Li₃V₂(PO₄)₃/Li₃PO₄ (LVPO/LPO) composites as cathodes for Li-ion batteries were synthesized by the hydrothermal method and subsequently annealed in an Ar atmosphere. The effect of Li₃PO₄ content on the crystal structure, morphology and the related magnetic and electrochemical properties of Li₃V₂(PO₄)₃/Li₃PO₄ composites, containing 7.5 wt% and 14 wt% of Li₃PO₄ (LVPO/LPO-7.5 and LVPO/LPO-14) was investigated. The microstructure and morphology of the obtained composites were characterized by X-ray diffraction (XRD) and scanning electron microscopy (SEM); magnetic and electrochemical properties investigations were performed using the electron spin resonance and galvanostatic methods, respectively. It was shown that Li₃V₂(PO₄)₃/Li₃PO₄ composites exhibit a high discharge capacity, good cycle performance (105 and 120 mAh g⁻¹ for the 200th cycle at 1C for LVPO/LPO-7.5 and LVPO/LPO-14, respectively), and insignificant changes in the surface morphology after 200 lithiation/delithiation cycles. Our results demonstrate that the increase in Li₃PO₄ content led to a decrease in the Li stoichiometry and magnetic inhomogeneity in Li₃V₂(PO₄)₃ phase; thus, the improvement in the electrochemical performance of LVPO/LPO composites due to incorporation of Li₃PO₄ can be attributed to their chemical and magnetic inhomogeneity.

1. Introduction

Nowadays, much research in the field of modernization of Li-ion batteries (LIB) is devoted to the development of high-energy-density materials for the so-called “post-lithium-ion batteries” [1,2]. Among others, oxides [3] and phosphorus-containing materials, as potential electrode materials for LIB, are of particular interest, e.g., orthophosphate vanadates as the cathode materials [4,5] and black phosphorus as the anode material [6]. Often, the orthophosphate vanadate Li₃V₂(PO₄)₃ (LVPO) is used as a cathode material in the form of a composite: pure LVPO or in the form of the partially substituted composition with carbon [7,8,9,10,11,12,13,14]. It is assumed that carbon can improve the electrochemical properties; at the same time, it is not a trivial task to obtain pure LVPO without carbon. On the other hand, it would be interesting to study a pure LVPO sample with a deficiency of lithium, assuming that its initial structure will be more predisposed to the Li intercalation/deintercalation process and more resistant to mechanical stress, therefore degrading less than was expected in the case of the nanostructured cathode materials with high energy density, high rate capability, and excellent cycling stability; this would be due to their huge surface area, short distance for mass and charge transport, and freedom for volume change [15]. However, lithium-deficient LVPO samples have not been studied in such detail to date [16,17], also because of the major difficulty in controlling the oxidation degrees of vanadium, namely V(III), V(IV) and V(V), during the different synthesis processes [18].

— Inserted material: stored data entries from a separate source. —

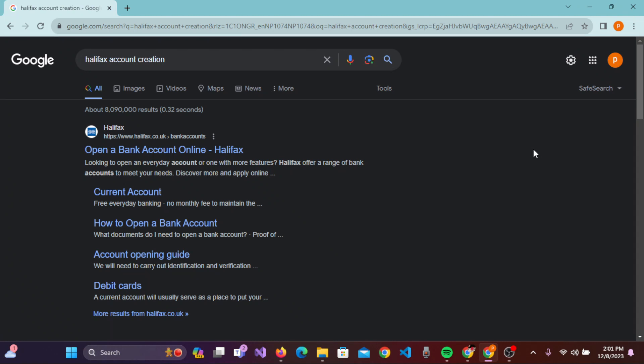Hello everyone, welcome to our channel 'How to Grow'. In today's tutorial, I will be guiding you on how you can open a Halifax bank account online. Simply, you need to open any browser on your device.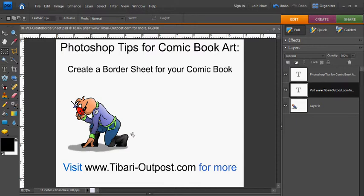Thank you for watching this comic book Photoshop tutorial. For information on my e-book, How to Create and Publish Your Own Comic Book on Spectre Comics or more Photoshop comic book video tips, visit TabariOutpost.com. Thank you.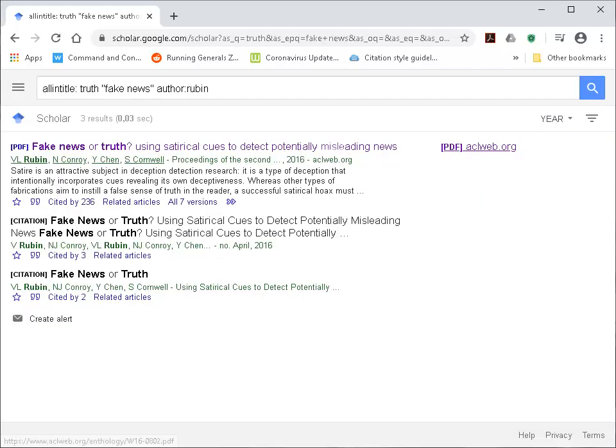As you can see from the search result, it's bringing back the article that we're looking for: 'Fake News or Truth.'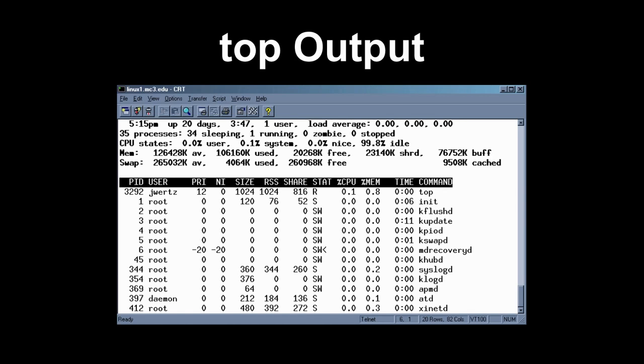Top gives you information about all running processes on the system. There are different ways to sort this. It gives you information about CPU load, total number of processes running, and information about the general stress your system is under. You can still see process IDs, who owns them, and how much CPU and memory each process is using.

At present, we have developed a method for composite synthesis without any carbon but containing Li₃PO₄ as an additional phase that makes this system promising in terms of improving the electrochemical properties [19,20]. Moreover, it was found here that the phase with a deficiency of lithium Li_3-xV₂(PO₄)₃ is stable formed in the composition of LVPO/LPO solid solutions.

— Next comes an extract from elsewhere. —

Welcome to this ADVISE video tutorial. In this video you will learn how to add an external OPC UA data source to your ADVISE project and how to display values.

It is known that to provide a high discharge capacity in a solid-state battery, which includes a Li- and V-containing polyphosphate compound and contains Li₃V₂(PO₄)₃ as a main phase, the content of Li₃PO₄ should be up to 15.0 wt% with respect to Li₃V₂(PO₄)₃ [21]. In this regard, two type of samples were synthesized for further investigations of their structural, magnetic and electrochemical properties: (i) Li₃V₂(PO₄)₃/Li₃PO₄ composites containing 14 wt% of Li₃PO₄ (of which their composition is close to the above-mentioned limit) and (ii) Li₃V₂(PO₄)₃/Li₃PO₄ composites containing 7.5 wt% of Li₃PO₄ (one-half of the limit of Li₃PO₄ concentration).

2. Experimental Results

2.1. Sample Synthesis and Characterization

In this paper, the investigated Li₃V₂(PO₄)₃/Li₃PO₄ composites containing 7.5 wt% and 14 wt% of Li₃PO₄ (LVPO/LPO-7.5 and LVPO/LPO-14) that were obtained by the hydrothermal method with the subsequent annealing in Ar atmosphere. The synthesis was carried out according to the following scheme:

(i) Chemically pure vanadium (IV) formate VO(HCOO)₂·H₂O, lithium carbonate Li₂CO₃, and ammonium phosphate NH₄H₂PO₄ were used in stoichiometric molar ratios as starting materials, except for vanadium(IV) formate, which was used in a stoichiometric deficiency. The above-mentioned reagents were mixed to the homogenization stage in the hydrothermal synthesis autoclave reactor (100 mL) using 5 mL of distilled water.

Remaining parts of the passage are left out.